2Cor 8, 1-9
En el capítulo 8 de esta segunda carta a los Corintios,
encontramos un escrito Paulino -la sexta carta, escrita a finales del año 55 o,
tal vez, en el año 56, en Macedonia- donde una vez reconciliada la Comunidad
con Pablo, este los llama a hacer efectiva una ayuda que por propia iniciativa
ellos se habían comprometido a dar a la empobrecida comunidad de Jerusalén. La
carta fue comisionada a la mensajería de Tito.
Al principio San Pablo les cuenta que los de
Acaya, a pesar de ser gente básicamente pobre, con gran esfuerzo y asombrosos
resultados llevaron adelante la colecta y sobrepasando todo lo imaginable,
dieron ejemplo de donación entregando hasta su último recurso. Ahora, con la
mediación de Tito, les pide a los de Corintio, apoyar, ellos también
voluntariamente con lo que tuvieran a su bien donar. Les dice claramente que
este aporte que ellos pudieran dar, no es un “mandato”, sino la ocasión de que
ellos deslumbren con su generosidad, dando signos claros e irrebatibles de su
caridad, por su amor de fraternidad.
Aprovecha la oportunidad para poner de relieve
las virtudes que adornaban a los Corintios: quienes se destacaban por su fe, en
la Palabra, en conocimiento, en tesón y en el Amor. Entonces, siguiendo el
magnífico empeño del Señor Jesucristo, apliquen enajenarse de su riqueza hasta
convertirse en pobres, pero ricos en la pobreza que los equipara a Jesucristo.
Poniendo el pie -ellos también- en la huella caritativa del Señor.

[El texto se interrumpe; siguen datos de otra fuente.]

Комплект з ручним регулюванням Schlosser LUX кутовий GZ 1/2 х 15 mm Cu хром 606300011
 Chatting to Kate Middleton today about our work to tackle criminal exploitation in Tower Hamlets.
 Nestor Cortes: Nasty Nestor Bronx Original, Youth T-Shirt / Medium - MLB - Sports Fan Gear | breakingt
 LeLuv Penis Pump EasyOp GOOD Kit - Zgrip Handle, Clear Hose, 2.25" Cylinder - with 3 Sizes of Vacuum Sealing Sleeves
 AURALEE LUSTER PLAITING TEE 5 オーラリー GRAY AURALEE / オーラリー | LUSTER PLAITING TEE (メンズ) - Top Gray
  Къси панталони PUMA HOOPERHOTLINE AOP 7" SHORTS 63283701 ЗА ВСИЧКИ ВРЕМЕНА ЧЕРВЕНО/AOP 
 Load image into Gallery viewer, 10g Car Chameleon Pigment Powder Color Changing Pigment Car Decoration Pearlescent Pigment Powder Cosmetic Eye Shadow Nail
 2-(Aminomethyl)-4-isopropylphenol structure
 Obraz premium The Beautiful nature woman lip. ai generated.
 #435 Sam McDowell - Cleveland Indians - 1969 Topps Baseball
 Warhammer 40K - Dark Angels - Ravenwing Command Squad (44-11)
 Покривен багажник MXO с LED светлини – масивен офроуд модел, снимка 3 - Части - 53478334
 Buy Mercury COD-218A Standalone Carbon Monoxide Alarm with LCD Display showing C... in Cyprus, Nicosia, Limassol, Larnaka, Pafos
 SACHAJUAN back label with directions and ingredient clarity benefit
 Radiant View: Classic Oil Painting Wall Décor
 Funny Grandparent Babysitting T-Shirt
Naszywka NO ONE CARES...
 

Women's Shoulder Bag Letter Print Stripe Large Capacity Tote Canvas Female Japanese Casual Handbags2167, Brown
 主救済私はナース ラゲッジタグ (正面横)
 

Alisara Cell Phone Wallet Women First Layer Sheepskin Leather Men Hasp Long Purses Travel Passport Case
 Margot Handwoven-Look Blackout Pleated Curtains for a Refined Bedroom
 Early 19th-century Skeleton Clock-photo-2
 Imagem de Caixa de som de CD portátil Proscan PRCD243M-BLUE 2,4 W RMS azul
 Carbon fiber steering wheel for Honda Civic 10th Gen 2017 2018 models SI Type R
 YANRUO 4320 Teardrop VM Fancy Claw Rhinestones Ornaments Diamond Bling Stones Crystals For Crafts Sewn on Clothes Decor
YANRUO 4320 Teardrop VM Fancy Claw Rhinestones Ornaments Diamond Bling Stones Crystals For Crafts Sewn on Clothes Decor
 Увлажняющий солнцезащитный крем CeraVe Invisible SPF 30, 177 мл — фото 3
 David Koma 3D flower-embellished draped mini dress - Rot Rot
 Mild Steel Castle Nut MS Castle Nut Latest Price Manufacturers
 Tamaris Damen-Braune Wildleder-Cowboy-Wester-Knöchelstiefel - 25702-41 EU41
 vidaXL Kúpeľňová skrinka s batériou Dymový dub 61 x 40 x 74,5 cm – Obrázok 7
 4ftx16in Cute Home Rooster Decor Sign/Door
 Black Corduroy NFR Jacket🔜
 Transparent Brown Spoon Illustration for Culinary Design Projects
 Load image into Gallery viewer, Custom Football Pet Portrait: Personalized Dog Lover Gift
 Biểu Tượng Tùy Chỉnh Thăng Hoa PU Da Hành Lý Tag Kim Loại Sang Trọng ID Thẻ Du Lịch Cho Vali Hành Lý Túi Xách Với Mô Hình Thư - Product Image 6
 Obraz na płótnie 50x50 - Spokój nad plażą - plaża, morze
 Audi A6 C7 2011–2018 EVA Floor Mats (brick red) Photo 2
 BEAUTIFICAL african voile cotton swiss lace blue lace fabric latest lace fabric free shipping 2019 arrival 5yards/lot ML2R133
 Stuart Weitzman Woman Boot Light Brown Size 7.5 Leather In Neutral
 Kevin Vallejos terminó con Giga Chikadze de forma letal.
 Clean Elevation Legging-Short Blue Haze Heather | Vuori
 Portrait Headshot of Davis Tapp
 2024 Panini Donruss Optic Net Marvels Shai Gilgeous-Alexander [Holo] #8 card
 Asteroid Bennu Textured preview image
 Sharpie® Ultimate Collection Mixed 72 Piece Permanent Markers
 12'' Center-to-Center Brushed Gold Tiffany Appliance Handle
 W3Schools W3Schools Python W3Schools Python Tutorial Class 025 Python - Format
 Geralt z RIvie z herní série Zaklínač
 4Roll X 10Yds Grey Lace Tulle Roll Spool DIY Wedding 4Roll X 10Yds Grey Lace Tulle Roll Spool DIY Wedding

Sal 146(145), 1b-2. 5-6b. 6c-7. 8-9a
Este
Salmo es un himno. Un himno que nos convida a dar gracias por todos los favores
recibidos, tanto los cercanos como los lejanos, del pueblo escogido. Nuestra
bienaventuranza radica en fiarnos de la Misericordia Divina. Son seis salmos
que forman el Hallel, así llamados porque estos se inician y concluyen
expresando הַֽלְלוּ־יָ֡הּ [Aleluia]
“Alaba al Señor”.
Además,
se suceden nueve participios hímnicos señalando a Dios como Creador, fiel,
justo, que da pan, que libera, que abre los ojos de los ciegos, que endereza a
los encorvados, que ama a los justos, que guarda a los peregrinos y protege a
los huérfanos y a las viudas. Se toman seis y medio versos -de los 10 que
componen el salmo- para articular esta perícopa.
Es
salmo nos muestra que Dios se preocupa por los “pobres”, por los “pequeños”,
por “los más débiles”. Parece en el fondo un cuestionamiento: y tú ¿de quién te
ocupas? El salmo indica en la dirección de una trasferencia de responsabilidad:
Dios nos entrega a sus desvalidos para que nosotros -en ellos- nos ocupemos de
Él.
Mt
5, 43-48
Continuando
en la misma veta de ayer, nos encara con una comparación radical. Nos había
dicho que nuestra justicia tenía que ser mayor que la de los escribas y los
fariseos (Cfr. Mt 5, 20), si nuestro deseo de entrar en el Reino de los cielos
es sincero. Hoy también nos pone frente a los publicanos y a los gentiles, para
ver si en verdad alcanzamos a obrar -aun cuando sólo sea- un poco mejor que lo
ordinario. Se nos está pidiendo que hagamos un esfuerzo para que nuestro obrar
caiga en la zona de lo extraordinario. En verdad, se espera todo nuestro
compromiso y esfuerzo, porque no se espera que seamos un poco mejor sino τέλειοι
[teleioi] “perfectos”, porque nosotros no queremos ser como otros seres
humanos; para que nuestra Luz resplandezca y para que nuestra salazón dé sabor
a todos, se requiere poner la mira muy alto: nosotros queremos esforzarnos para
parecernos al Padre, cuyo colmo de perfección es que supera toda discriminación
entre “buenos” y “malos” entre “justos” e “injustos”; y, -como Él- queremos que
nuestra dadiva, se done por igual a todos, sin pedir carnets, ni certificados,
ni escudos, ni distintivos, ni escarapelas especiales. Cuando alcancemos estar
por encima de condicionamientos, entonces, obtendremos la cercanía, la Presencia,
estar ante Dios. Valga traducirlo diciendo: Habremos llegado al Reino.
El
Reino ha llegado, si se te entrega la administración del botón que regula el
sol y la lluvia. Y tú, sin reparos, lo activas indiscriminadamente, cuando Dios
manda, y no te paras en censuras. Eso se llama “perfección”.